Há, alguma evolução na preocupação com o tema, sendo exemplo disso, a criação de uma Sala específica, ao nível do Tribunal Provincial de Luanda, com a competência de resolver conflitos de natureza comercial, intelectual e industrial, mas isto é insuficiente pois o sistema tem de mudar como um todo-
Sugere-se, por isso, a busca de soluções práticas que permitam ultrapassar os problemas de certificação que sempre se colocaram às formas realização do investimento privado, em estudo, e não a sua eliminação da LIP. A solução, salvo melhor entendimento, passa pela modernização do sistema nacional de propriedade intelectual a todos os níveis (legal, procedimental, material e humano), tornando-o capaz de fazer a tal certificação de acordo com o sistema internacional, de que Angola até é parte, e a absorção desta tecnologia permitindo a criação de avanços tecnológicos e a geração de tecnologia própria[3].

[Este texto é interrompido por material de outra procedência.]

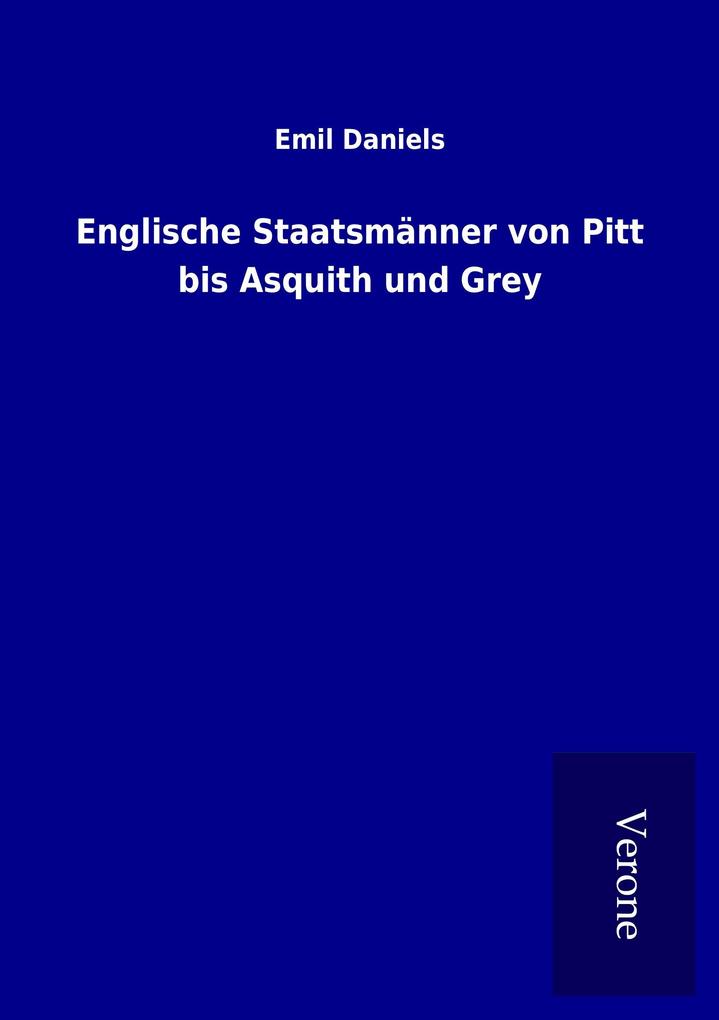 Englische Staatsmänner von Pitt bis Asquith und Grey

[1] Neste artigo, acolhemos o conceito de DANIELA ZAITZ, Direito & Know How, Uso, Transmissão e Protecção de conhecimentos Técnicos ou Comerciais de Valor Económico, Jurua Editora, Curitiba, 2005, p. 39, segundo o qual o know how designa “(…) conhecimentos técnicos (não patenteados) ou comerciais que têm um valor económico e possam ser transmissíveis, sejam secretos ou relativamente secretos (…) e que tragam vantagem competitiva para o seu detentor”.
[2] Disponível em https://angolaforex.com/2019/03/24/specialist-ao-dr-moses-caiaia-o-problema-da-avaliacao-pecuniaria-da-tecnologia-ou-do-conhecimento-que-consista-em-investimento-nos-termos-da-lei-n-o-10-18-de-26-de-junho/
[3] LUIZ ALFREDO PAULIN, A tecnologia e a sua importância, in: MARCOVITCH, Jacques (Coord.), Cooperação internacional: estratégia e gestão, São Paulo: EDUSP, 1994, p. 624, referindo-se sobre se a importação de tecnologia resolve ou não o problema da dependência, nos países em desenvolvimento, entende que a criação de avanços tecnológicos e a geração de tecnologia própria implica a existência de mão-de-obra capacitada é fundamental para a absorção da tecnologia importante.